La ragazza seduta di fronte a me sul treno sembra avere un pezzo di cibo su un incisivo. Mi giro per non guardare e non sentirmi in imbarazzo per il farmi i fatti altrui. D’altro canto penso che forse dovrei avvertirla. Ma è il caso di farlo con una sconosciuta e metterla a disagio? Però poi quando tornerà a casa e si accorgerà della cosa si sentirà più a disagio per aver girato tutto il giorno con un pezzo di qualcosa su un dente.

Mentre sono immerso in queste riflessioni un raggio di sole entra dal finestrino. La sua bocca inizia a luccicare. O siamo in uno spot Mentadent e non me ne sono accorto o qui c’è qualcosa di strano. Mi giro e noto che quello che pensavo fosse cibo è in realtà un brillantino. Quindi la ragazza o ha l’abitudine di sgranocchiare Swarovski a pranzo o quella è semplicemente una decorazione odontoiatrica.

La morale della storia è che non è tutto oro quel che luccica: può essere pure un brillantino, ma di sicuro non è cibo.

In tema di quel che sembra oro luccicante, ieri di buon mattino ho fatto il trasloco nella nuova stanza. La proprietaria/coinquilina si è mostrata nuovamente ospitale è accogliente: mi ha offerto un caffè e dei cannoli siciliani.

Ho iniziato ad aver paura di cotanta gentilezza. Siamo così abituati a non avere fiducia del prossimo e a enfatizzare le notizie di merda che ora ci aspettiamo sempre che ci sia merda dappertutto e quando qualcosa non sembra merda ci chiediamo quest’ultima dove sia sotterrata.

E, purtroppo, devo constatare che avevo ragione. Qualcosa costei mi stava nascondendo: la sua casa picchia.

Avevo già parlato in passato delle case che maltrattano gli umani. Il mignolo contro la base del mobile? La testa contro una mensola? Un’anta che si stacca e ti finisce addosso? Non siete voi: è la vostra casa che vi picchia.

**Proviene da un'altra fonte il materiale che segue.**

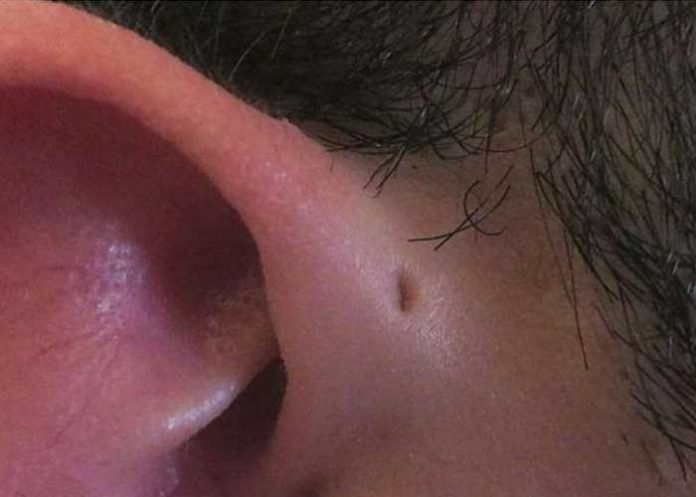 oreja1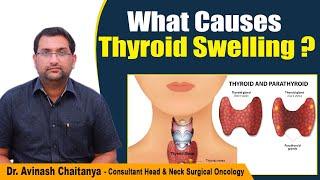 What Causes Thyroid Swelling? | Thyroid Nodules and GoiterTreatments | Kaizen Oncology Network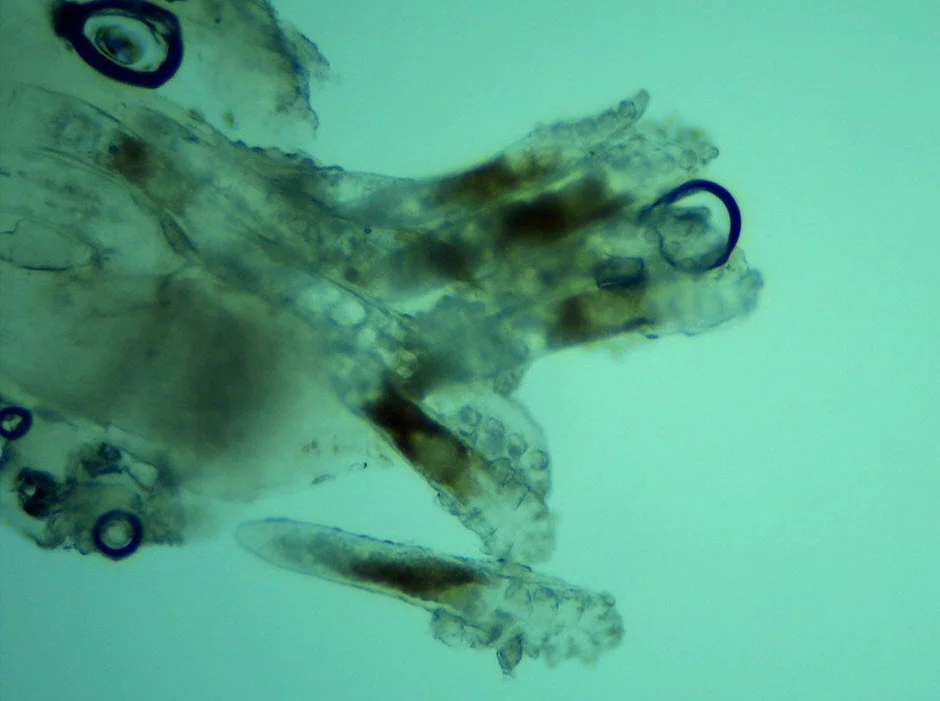 Numerous demodex mites infesting an eyelash of someone with anterior blepharitis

Ieri mentre sistemavo le mie cose prima la base del letto mi ha colpito un piede, poi un ginocchio è stato oggetto di violenza da parte di una porta. Infine, mentre provavo a spostare un bottiglione di vetro da un ripiano – che io mi domando perché uno come decorazione in casa debba avere delle bottiglie vuote, non siamo mica in una natura morta di Giorgio Morandi – in cima a un mobile per fare spazio salendo su un puff per arrivarci,


Attenzione: non provate a farlo a casa. Queste scene sono state girate da un professionista.


il suddetto puff mi ha fatto perdere l’equilibro facendomi cadere e causandomi anche un taglio al dito a causa del bottiglione che si è spaccato.

Direi un’aggressione in piena regola.

Ma se questa casa tenta di intimidirmi, si sbaglia di grosso. In serata, quando la coinquilina mi ha chiesto Ti sei sistemato? Tutto bene? io ho risposto di sì con un sorriso smagliante. Non se l’aspettava tanta serenità da parte mia, scommetto, dopo avermi lasciato da solo con il suo appartamento violento.

Ma ora so e non abbasserò più la guardia!